Il est très probable que vous ayez déjà entendu parler de mens sana in corpore sano (un esprit sain dans un corps sain) que la santé du cerveau dépend de celle du corps. Álvaro Pascual-Leone, professeur de neurologie et doyen associé des sciences cliniques et translationnelles à la faculté de médecine de l'Université Harvard, directeur scientifique du projet «Barcelona Brain Health Initiative» - une étude sur la santé du cerveau tout au long de la vie - et co-auteur de Le cerveau qui guérit (Plataforma Editorial, 2019) propose de renverser la fameuse phrase de Juvenal et affirme qu’un cerveau en bonne santé n’est pas seulement essentiel au maintien de la santé du reste du corps, mais qu’il peut vraiment nous aider à prévenir et à guérir les maladies. Selon cet expert, il n'est jamais trop tard pour commencer prendre soin de notre cerveau et nous pouvons et devons faire beaucoup de choses pour y parvenir, qui sont résumées dans les «sept piliers de la santé du cerveau» et qui nous invitent à la mettre en pratique.


1. Vous avez intitulé le livre "Le cerveau qui guérit". Notre cerveau peut-il réellement guérir une maladie ou parle-t-on de l'effet «placebo»?

Si possible; En fait, le cerveau peut guérir, car précisément l’effet placebo est l’un des mécanismes par lequel cet organe favorise la santé générale de l’individu. Le cerveau est activé dans certaines zones par l'attente, par la croyance en un résultat final. C'est ce que l'on appelle souvent l'effet placebo. Il ne s'agit que d'une activité dans les zones du cerveau et dans des réseaux de cerveau spécifiques.

L’effet placebo est positif et son revers, ce que nous appelons l’effet nocebo, est un mécanisme par lequel le cerveau peut aggraver la maladie ou causer plus de problèmes qui l’entraînent éventuellement nous rendre malades. Dans sa forme la plus dramatique, il existe toute une série de données sur la manière dont l’activité cérébrale peut conduire à un infarctus du myocarde, voire à la mort cardiaque, et à ce que l’on dit de quelqu'un "Il est mort de chagrin " Parce que la mort d'un être cher ne peut pas gérer le chagrin et la solitude, il s'agit de mécanismes cérébraux qui, entre autres, causent des dommages à la santé en raison du stress.

Pour avoir un corps en bonne santé, il faut avoir un cerveau en bonne santé. la cible numéro un de la santé en général est le cerveau et il n'est jamais trop tard pour commencer à en prendre soin

Et l’inverse est également vrai, et lorsque vous avez une raison d’être, une raison de rester en vie, une croyance et une expérience d’espoir et d’attente qui promeuvent des mécanismes que nous appelons salutogenèse, qui permettent de mieux faire face aux maladies, ou même ne pas les développer malgré leur exposition aux infections.

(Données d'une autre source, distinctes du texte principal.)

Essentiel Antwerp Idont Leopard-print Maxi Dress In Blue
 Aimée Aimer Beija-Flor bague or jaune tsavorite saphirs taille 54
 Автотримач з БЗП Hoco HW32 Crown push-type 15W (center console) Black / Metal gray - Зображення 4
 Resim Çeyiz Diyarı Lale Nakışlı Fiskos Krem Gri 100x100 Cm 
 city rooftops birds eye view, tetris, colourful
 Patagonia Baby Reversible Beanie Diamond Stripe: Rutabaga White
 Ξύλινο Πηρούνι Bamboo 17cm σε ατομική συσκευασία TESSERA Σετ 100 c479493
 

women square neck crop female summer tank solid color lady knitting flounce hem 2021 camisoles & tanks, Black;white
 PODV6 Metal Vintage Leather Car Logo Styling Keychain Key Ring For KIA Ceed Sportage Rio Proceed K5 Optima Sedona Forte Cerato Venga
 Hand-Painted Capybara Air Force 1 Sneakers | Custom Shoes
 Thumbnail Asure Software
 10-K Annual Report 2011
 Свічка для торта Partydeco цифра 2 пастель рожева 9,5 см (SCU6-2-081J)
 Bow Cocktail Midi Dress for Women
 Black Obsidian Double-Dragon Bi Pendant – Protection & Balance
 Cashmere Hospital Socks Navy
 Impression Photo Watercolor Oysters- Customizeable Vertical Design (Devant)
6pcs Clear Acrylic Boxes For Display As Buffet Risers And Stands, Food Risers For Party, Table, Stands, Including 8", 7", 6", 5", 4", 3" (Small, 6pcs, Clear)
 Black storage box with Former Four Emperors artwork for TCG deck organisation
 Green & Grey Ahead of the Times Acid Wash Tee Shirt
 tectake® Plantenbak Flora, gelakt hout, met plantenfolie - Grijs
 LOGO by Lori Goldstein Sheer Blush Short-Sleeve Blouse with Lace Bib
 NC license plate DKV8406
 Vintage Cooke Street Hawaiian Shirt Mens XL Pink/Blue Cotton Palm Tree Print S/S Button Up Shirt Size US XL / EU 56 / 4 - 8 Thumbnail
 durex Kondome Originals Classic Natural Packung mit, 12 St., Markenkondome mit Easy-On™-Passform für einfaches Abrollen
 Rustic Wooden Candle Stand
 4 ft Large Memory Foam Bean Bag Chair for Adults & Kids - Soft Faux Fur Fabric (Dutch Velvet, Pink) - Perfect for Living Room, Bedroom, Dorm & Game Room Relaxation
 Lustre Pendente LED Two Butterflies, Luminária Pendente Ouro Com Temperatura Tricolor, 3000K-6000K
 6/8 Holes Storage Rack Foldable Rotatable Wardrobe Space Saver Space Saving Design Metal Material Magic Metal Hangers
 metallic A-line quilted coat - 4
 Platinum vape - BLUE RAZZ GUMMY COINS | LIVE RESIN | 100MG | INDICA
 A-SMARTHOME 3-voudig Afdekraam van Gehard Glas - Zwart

Juvénal a déclaré que pour avoir un esprit, un cerveau, une âme en bonne santé, il fallait avoir un corps en bonne santé, ce qui est résumé dans la phrase célèbre mens sana in corpore sano. Mais l’argument central du livre est de souligner que c’est également vrai: si vous voulez avoir un corps en bonne santé, vous devez avoir un cerveau en bonne santé, et nous pouvons et devons faire quelque chose pour y parvenir afin d’améliorer la santé en général. En d’autres termes, le cerveau est la première cible de la santé en général et il n’est jamais trop tard pour commencer à s’occuper de lui.

2. Vous affirmez que le cerveau est en plastique et qu’il est conçu pour changer tout au long de notre vie. Cela signifie-t-il que nous continuons à générer ou à régénérer des neurones également à l'âge adulte? Je pose la question parce que récemment, il y a eu une controverse sur ce sujet.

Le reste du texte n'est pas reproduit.